EXERCISE:
Write out the listing from the line with "Derana Kala Game Awrudu 2013 (20)" to the line with "Laptop Asus Gaming", both lines included, exactly and nothing beyond. Leave pictures out.

WORKING DATA:
+ + + + +
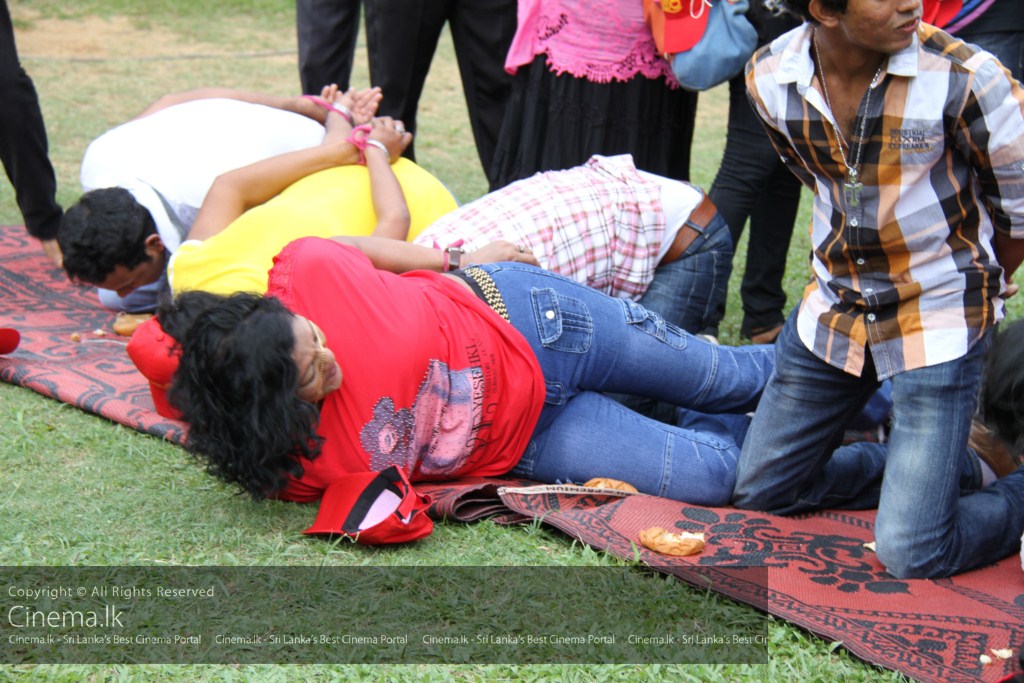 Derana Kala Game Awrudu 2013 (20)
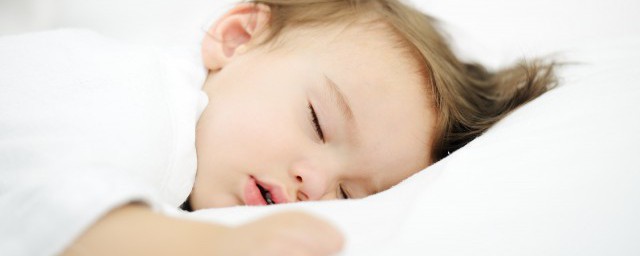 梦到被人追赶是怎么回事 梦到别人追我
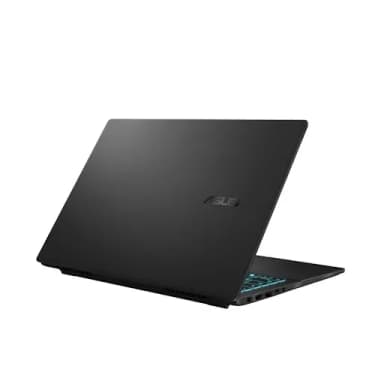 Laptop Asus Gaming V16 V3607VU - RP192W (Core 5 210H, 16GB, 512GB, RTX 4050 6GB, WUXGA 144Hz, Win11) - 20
+ + + + +
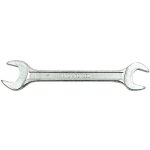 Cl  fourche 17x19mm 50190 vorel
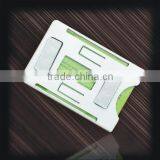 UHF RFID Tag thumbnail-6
+ + + + +
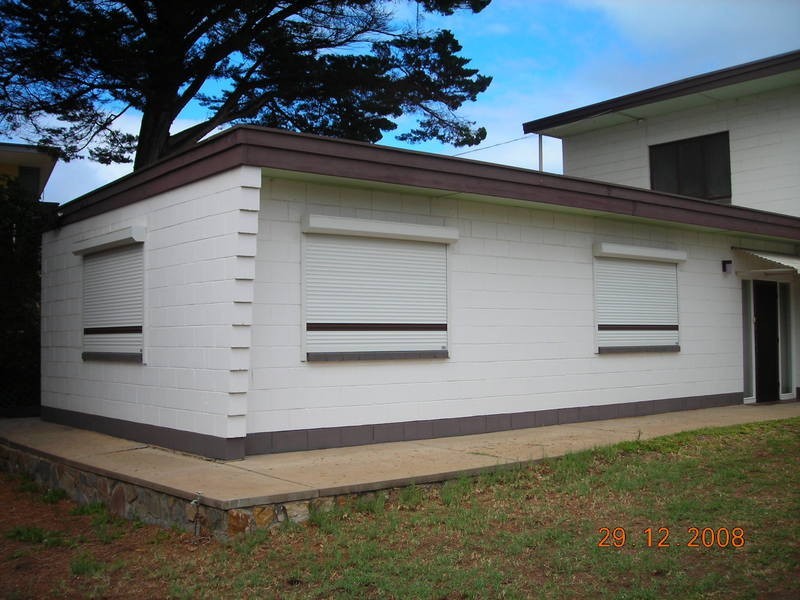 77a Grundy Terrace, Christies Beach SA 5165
+ + + + +
YOUR RESPONSE:
 Derana Kala Game Awrudu 2013 (20)
 梦到被人追赶是怎么回事 梦到别人追我
 Laptop Asus Gaming V16 V3607VU - RP192W (Core 5 210H, 16GB, 512GB, RTX 4050 6GB, WUXGA 144Hz, Win11) - 20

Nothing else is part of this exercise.